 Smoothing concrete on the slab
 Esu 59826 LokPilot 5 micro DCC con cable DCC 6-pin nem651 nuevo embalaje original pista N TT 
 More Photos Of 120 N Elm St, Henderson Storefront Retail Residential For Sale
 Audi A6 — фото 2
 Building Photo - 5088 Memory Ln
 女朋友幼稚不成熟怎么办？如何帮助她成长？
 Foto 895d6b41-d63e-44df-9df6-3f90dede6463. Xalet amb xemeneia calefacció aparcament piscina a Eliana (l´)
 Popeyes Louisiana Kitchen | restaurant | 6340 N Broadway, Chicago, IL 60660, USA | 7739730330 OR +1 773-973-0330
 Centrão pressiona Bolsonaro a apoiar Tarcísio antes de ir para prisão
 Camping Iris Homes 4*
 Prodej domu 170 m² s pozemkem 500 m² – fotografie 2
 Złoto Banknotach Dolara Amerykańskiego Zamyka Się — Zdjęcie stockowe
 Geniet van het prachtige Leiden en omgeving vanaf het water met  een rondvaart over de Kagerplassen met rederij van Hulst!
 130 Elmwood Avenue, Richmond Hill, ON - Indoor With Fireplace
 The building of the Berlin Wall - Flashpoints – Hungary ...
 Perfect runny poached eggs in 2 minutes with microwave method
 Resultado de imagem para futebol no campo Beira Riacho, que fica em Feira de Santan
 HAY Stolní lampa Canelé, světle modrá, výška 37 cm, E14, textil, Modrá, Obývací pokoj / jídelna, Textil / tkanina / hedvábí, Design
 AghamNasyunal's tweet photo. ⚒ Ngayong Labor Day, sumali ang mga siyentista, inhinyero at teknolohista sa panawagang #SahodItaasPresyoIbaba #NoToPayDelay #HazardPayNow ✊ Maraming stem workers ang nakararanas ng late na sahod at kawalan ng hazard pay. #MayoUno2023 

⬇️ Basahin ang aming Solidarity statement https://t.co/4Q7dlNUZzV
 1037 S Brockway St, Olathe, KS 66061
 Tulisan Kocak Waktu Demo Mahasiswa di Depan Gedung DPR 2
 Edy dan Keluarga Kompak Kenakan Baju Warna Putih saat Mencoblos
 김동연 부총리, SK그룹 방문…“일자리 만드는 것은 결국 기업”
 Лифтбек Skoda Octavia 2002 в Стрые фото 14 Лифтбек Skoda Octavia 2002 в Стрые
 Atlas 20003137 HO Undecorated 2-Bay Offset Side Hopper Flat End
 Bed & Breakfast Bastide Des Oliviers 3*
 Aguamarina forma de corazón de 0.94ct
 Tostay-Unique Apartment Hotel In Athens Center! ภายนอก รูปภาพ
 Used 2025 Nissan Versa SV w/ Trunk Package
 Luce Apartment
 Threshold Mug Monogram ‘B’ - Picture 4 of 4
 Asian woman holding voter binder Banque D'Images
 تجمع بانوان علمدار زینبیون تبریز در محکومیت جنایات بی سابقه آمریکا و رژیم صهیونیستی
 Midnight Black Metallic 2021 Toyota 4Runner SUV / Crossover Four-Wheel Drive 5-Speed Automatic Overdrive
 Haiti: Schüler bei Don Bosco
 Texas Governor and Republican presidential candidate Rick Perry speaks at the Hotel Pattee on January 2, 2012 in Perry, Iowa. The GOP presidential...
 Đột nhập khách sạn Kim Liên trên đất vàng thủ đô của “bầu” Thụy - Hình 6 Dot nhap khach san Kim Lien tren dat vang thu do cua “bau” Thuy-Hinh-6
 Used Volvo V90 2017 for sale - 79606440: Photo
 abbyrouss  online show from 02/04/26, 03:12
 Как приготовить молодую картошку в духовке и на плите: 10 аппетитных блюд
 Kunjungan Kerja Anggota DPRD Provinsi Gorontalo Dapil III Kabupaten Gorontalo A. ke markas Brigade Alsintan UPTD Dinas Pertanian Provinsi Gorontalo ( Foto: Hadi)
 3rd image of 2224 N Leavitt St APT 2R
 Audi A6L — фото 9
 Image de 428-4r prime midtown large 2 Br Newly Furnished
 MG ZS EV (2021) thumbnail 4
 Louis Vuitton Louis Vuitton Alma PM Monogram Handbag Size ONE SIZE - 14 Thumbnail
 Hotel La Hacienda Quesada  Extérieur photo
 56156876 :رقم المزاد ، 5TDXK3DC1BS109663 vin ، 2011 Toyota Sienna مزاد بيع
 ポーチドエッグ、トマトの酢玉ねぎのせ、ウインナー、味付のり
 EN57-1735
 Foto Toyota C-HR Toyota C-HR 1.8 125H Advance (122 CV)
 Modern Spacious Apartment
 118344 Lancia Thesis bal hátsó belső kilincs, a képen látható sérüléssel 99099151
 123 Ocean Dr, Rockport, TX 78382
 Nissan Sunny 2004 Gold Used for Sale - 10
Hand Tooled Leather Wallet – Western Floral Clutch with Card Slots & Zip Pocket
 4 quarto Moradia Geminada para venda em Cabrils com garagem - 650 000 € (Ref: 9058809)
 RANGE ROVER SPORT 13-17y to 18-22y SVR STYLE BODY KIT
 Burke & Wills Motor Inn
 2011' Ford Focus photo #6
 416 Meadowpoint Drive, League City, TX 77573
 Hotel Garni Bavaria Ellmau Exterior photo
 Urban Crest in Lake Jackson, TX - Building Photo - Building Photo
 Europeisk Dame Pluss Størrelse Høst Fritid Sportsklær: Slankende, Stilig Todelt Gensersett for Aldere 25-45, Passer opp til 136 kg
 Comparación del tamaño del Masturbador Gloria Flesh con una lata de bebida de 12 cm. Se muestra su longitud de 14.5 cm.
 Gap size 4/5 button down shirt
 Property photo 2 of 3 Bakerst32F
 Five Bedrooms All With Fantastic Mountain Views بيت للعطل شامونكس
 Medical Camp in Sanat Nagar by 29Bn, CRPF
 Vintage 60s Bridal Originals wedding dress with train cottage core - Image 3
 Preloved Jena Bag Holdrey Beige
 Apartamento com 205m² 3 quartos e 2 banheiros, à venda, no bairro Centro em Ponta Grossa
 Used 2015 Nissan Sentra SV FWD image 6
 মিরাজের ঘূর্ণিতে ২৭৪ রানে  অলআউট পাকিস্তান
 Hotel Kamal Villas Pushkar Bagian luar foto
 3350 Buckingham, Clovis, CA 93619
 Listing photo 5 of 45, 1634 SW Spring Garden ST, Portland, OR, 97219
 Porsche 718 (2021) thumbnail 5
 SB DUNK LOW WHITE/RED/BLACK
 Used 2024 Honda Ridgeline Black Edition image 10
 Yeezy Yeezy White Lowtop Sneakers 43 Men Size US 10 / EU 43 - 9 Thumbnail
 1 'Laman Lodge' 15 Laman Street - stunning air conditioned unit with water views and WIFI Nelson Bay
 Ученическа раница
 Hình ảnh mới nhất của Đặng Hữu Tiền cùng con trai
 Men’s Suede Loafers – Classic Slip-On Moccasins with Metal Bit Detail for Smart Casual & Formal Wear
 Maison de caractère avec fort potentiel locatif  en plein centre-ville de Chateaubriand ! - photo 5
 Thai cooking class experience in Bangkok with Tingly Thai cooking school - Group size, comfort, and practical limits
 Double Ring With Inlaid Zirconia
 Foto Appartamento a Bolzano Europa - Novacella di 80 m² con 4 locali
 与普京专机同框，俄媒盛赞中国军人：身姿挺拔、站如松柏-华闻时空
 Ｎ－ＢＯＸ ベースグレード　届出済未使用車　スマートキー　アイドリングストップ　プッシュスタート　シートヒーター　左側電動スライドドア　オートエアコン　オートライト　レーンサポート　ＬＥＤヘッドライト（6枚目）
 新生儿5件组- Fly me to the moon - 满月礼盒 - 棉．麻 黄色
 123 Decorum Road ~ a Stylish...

= TRY IT =
Write every entry out again. Leave each one exactly as it is.

= EXPECTED ANSWER =
 Smoothing concrete on the slab
 Esu 59826 LokPilot 5 micro DCC con cable DCC 6-pin nem651 nuevo embalaje original pista N TT 
 More Photos Of 120 N Elm St, Henderson Storefront Retail Residential For Sale
 Audi A6 — фото 2
 Building Photo - 5088 Memory Ln
 女朋友幼稚不成熟怎么办？如何帮助她成长？
 Foto 895d6b41-d63e-44df-9df6-3f90dede6463. Xalet amb xemeneia calefacció aparcament piscina a Eliana (l´)
 Popeyes Louisiana Kitchen | restaurant | 6340 N Broadway, Chicago, IL 60660, USA | 7739730330 OR +1 773-973-0330
 Centrão pressiona Bolsonaro a apoiar Tarcísio antes de ir para prisão
 Camping Iris Homes 4*
 Prodej domu 170 m² s pozemkem 500 m² – fotografie 2
 Złoto Banknotach Dolara Amerykańskiego Zamyka Się — Zdjęcie stockowe
 Geniet van het prachtige Leiden en omgeving vanaf het water met  een rondvaart over de Kagerplassen met rederij van Hulst!
 130 Elmwood Avenue, Richmond Hill, ON - Indoor With Fireplace
 The building of the Berlin Wall - Flashpoints – Hungary ...
 Perfect runny poached eggs in 2 minutes with microwave method
 Resultado de imagem para futebol no campo Beira Riacho, que fica em Feira de Santan
 HAY Stolní lampa Canelé, světle modrá, výška 37 cm, E14, textil, Modrá, Obývací pokoj / jídelna, Textil / tkanina / hedvábí, Design
 AghamNasyunal's tweet photo. ⚒ Ngayong Labor Day, sumali ang mga siyentista, inhinyero at teknolohista sa panawagang #SahodItaasPresyoIbaba #NoToPayDelay #HazardPayNow ✊ Maraming stem workers ang nakararanas ng late na sahod at kawalan ng hazard pay. #MayoUno2023 

⬇️ Basahin ang aming Solidarity statement https://t.co/4Q7dlNUZzV
 1037 S Brockway St, Olathe, KS 66061
 Tulisan Kocak Waktu Demo Mahasiswa di Depan Gedung DPR 2
 Edy dan Keluarga Kompak Kenakan Baju Warna Putih saat Mencoblos
 김동연 부총리, SK그룹 방문…“일자리 만드는 것은 결국 기업”
 Лифтбек Skoda Octavia 2002 в Стрые фото 14 Лифтбек Skoda Octavia 2002 в Стрые
 Atlas 20003137 HO Undecorated 2-Bay Offset Side Hopper Flat End
 Bed & Breakfast Bastide Des Oliviers 3*
 Aguamarina forma de corazón de 0.94ct
 Tostay-Unique Apartment Hotel In Athens Center! ภายนอก รูปภาพ
 Used 2025 Nissan Versa SV w/ Trunk Package
 Luce Apartment
 Threshold Mug Monogram ‘B’ - Picture 4 of 4
 Asian woman holding voter binder Banque D'Images
 تجمع بانوان علمدار زینبیون تبریز در محکومیت جنایات بی سابقه آمریکا و رژیم صهیونیستی
 Midnight Black Metallic 2021 Toyota 4Runner SUV / Crossover Four-Wheel Drive 5-Speed Automatic Overdrive
 Haiti: Schüler bei Don Bosco
 Texas Governor and Republican presidential candidate Rick Perry speaks at the Hotel Pattee on January 2, 2012 in Perry, Iowa. The GOP presidential...
 Đột nhập khách sạn Kim Liên trên đất vàng thủ đô của “bầu” Thụy - Hình 6 Dot nhap khach san Kim Lien tren dat vang thu do cua “bau” Thuy-Hinh-6
 Used Volvo V90 2017 for sale - 79606440: Photo
 abbyrouss  online show from 02/04/26, 03:12
 Как приготовить молодую картошку в духовке и на плите: 10 аппетитных блюд
 Kunjungan Kerja Anggota DPRD Provinsi Gorontalo Dapil III Kabupaten Gorontalo A. ke markas Brigade Alsintan UPTD Dinas Pertanian Provinsi Gorontalo ( Foto: Hadi)
 3rd image of 2224 N Leavitt St APT 2R
 Audi A6L — фото 9
 Image de 428-4r prime midtown large 2 Br Newly Furnished
 MG ZS EV (2021) thumbnail 4
 Louis Vuitton Louis Vuitton Alma PM Monogram Handbag Size ONE SIZE - 14 Thumbnail
 Hotel La Hacienda Quesada  Extérieur photo
 56156876 :رقم المزاد ، 5TDXK3DC1BS109663 vin ، 2011 Toyota Sienna مزاد بيع
 ポーチドエッグ、トマトの酢玉ねぎのせ、ウインナー、味付のり
 EN57-1735
 Foto Toyota C-HR Toyota C-HR 1.8 125H Advance (122 CV)
 Modern Spacious Apartment
 118344 Lancia Thesis bal hátsó belső kilincs, a képen látható sérüléssel 99099151
 123 Ocean Dr, Rockport, TX 78382
 Nissan Sunny 2004 Gold Used for Sale - 10
Hand Tooled Leather Wallet – Western Floral Clutch with Card Slots & Zip Pocket
 4 quarto Moradia Geminada para venda em Cabrils com garagem - 650 000 € (Ref: 9058809)
 RANGE ROVER SPORT 13-17y to 18-22y SVR STYLE BODY KIT
 Burke & Wills Motor Inn
 2011' Ford Focus photo #6
 416 Meadowpoint Drive, League City, TX 77573
 Hotel Garni Bavaria Ellmau Exterior photo
 Urban Crest in Lake Jackson, TX - Building Photo - Building Photo
 Europeisk Dame Pluss Størrelse Høst Fritid Sportsklær: Slankende, Stilig Todelt Gensersett for Aldere 25-45, Passer opp til 136 kg
 Comparación del tamaño del Masturbador Gloria Flesh con una lata de bebida de 12 cm. Se muestra su longitud de 14.5 cm.
 Gap size 4/5 button down shirt
 Property photo 2 of 3 Bakerst32F
 Five Bedrooms All With Fantastic Mountain Views بيت للعطل شامونكس
 Medical Camp in Sanat Nagar by 29Bn, CRPF
 Vintage 60s Bridal Originals wedding dress with train cottage core - Image 3
 Preloved Jena Bag Holdrey Beige
 Apartamento com 205m² 3 quartos e 2 banheiros, à venda, no bairro Centro em Ponta Grossa
 Used 2015 Nissan Sentra SV FWD image 6
 মিরাজের ঘূর্ণিতে ২৭৪ রানে  অলআউট পাকিস্তান
 Hotel Kamal Villas Pushkar Bagian luar foto
 3350 Buckingham, Clovis, CA 93619
 Listing photo 5 of 45, 1634 SW Spring Garden ST, Portland, OR, 97219
 Porsche 718 (2021) thumbnail 5
 SB DUNK LOW WHITE/RED/BLACK
 Used 2024 Honda Ridgeline Black Edition image 10
 Yeezy Yeezy White Lowtop Sneakers 43 Men Size US 10 / EU 43 - 9 Thumbnail
 1 'Laman Lodge' 15 Laman Street - stunning air conditioned unit with water views and WIFI Nelson Bay
 Ученическа раница
 Hình ảnh mới nhất của Đặng Hữu Tiền cùng con trai
 Men’s Suede Loafers – Classic Slip-On Moccasins with Metal Bit Detail for Smart Casual & Formal Wear
 Maison de caractère avec fort potentiel locatif  en plein centre-ville de Chateaubriand ! - photo 5
 Thai cooking class experience in Bangkok with Tingly Thai cooking school - Group size, comfort, and practical limits
 Double Ring With Inlaid Zirconia
 Foto Appartamento a Bolzano Europa - Novacella di 80 m² con 4 locali
 与普京专机同框，俄媒盛赞中国军人：身姿挺拔、站如松柏-华闻时空
 Ｎ－ＢＯＸ ベースグレード　届出済未使用車　スマートキー　アイドリングストップ　プッシュスタート　シートヒーター　左側電動スライドドア　オートエアコン　オートライト　レーンサポート　ＬＥＤヘッドライト（6枚目）
 新生儿5件组- Fly me to the moon - 满月礼盒 - 棉．麻 黄色
 123 Decorum Road ~ a Stylish...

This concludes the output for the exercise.